US mini logoHome | A-Z Index | Help | Contact us    

Centre for Literature and Philosophy

Home | News & events | Projects | Archive | Research | People | Links | MA

Session abstracts ethics and literature

Buckingham, Will The Philosophical Troubadour: Michel Serres, Literature and Ethics: This paper considers the question of the relationship between stories and ethics in the light of Michel Serres's troubadour philosophy. Traditional approaches to the act of storytelling tend to see stories in one of several ways: as preparatory to the hard work of philosophical ethics, as illustrative of ethical 'truths' derived from the harder discipline of philosophy, or as the bearers of ethical meanings that can be elucidated with the aid of philosophy. In all of these, the hard work of thinking is considered to take place in philosophy proper, and the act of storytelling plays a decidedly subordinate role. The philosophy of Michel Serres, however, gives us an alternative approach to the understanding the relationship between stories and ethics. Serres considers the story as a passage through and towards alterity, a passage in which it turns out that everything is at stake. Here the hierarchy between story and philosophy becomes more complex.
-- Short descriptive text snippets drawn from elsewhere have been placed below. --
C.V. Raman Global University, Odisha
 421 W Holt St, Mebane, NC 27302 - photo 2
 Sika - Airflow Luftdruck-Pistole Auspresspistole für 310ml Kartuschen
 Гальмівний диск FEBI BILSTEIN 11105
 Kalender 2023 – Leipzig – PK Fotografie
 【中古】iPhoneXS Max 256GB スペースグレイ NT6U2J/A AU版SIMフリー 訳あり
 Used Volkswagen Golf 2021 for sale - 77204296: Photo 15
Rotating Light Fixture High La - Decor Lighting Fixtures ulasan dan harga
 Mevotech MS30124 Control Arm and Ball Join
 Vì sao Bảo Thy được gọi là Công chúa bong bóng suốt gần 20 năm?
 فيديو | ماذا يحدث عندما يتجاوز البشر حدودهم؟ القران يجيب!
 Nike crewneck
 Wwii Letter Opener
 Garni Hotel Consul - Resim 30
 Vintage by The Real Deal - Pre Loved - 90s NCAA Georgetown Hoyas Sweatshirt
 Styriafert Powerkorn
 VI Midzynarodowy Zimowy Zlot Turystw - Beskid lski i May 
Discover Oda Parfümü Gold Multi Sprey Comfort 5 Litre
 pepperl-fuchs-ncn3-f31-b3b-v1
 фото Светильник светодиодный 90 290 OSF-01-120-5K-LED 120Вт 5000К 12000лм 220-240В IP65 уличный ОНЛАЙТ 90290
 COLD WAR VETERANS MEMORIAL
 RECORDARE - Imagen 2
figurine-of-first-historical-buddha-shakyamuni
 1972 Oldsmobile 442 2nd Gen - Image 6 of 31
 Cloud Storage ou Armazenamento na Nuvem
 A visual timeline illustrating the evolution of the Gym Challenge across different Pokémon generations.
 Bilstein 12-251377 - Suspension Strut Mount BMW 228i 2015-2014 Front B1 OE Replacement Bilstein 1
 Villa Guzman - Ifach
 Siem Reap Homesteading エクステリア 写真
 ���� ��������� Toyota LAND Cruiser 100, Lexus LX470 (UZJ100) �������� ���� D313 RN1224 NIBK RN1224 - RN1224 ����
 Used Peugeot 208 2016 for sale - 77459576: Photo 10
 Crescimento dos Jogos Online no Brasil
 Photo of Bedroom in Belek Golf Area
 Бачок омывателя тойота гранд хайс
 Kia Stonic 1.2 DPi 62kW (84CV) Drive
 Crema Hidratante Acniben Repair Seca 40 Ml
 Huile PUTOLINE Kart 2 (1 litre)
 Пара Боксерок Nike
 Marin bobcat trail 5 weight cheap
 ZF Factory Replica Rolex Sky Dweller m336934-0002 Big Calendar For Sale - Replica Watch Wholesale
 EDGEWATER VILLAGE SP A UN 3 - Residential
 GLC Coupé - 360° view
Narrative, Serres writes in The Troubadour of Knowledge, has the power to go where philosophy is condemned to repetition and stagnation; and yet "only philosophy can go deep enough to show that literature goes still deeper than philosophy" (Serres 1997, 65). This paper will attempt to explore how stories may lead us beyond the repetition of traditional approaches to ethics; and it will establish, by means of a series of interlinked stories, how stories might function as a method for a philosophical ethics that may, if judiciously employed, permit us to continually rethink the nature of ethics and the question of why ethics might matter at all.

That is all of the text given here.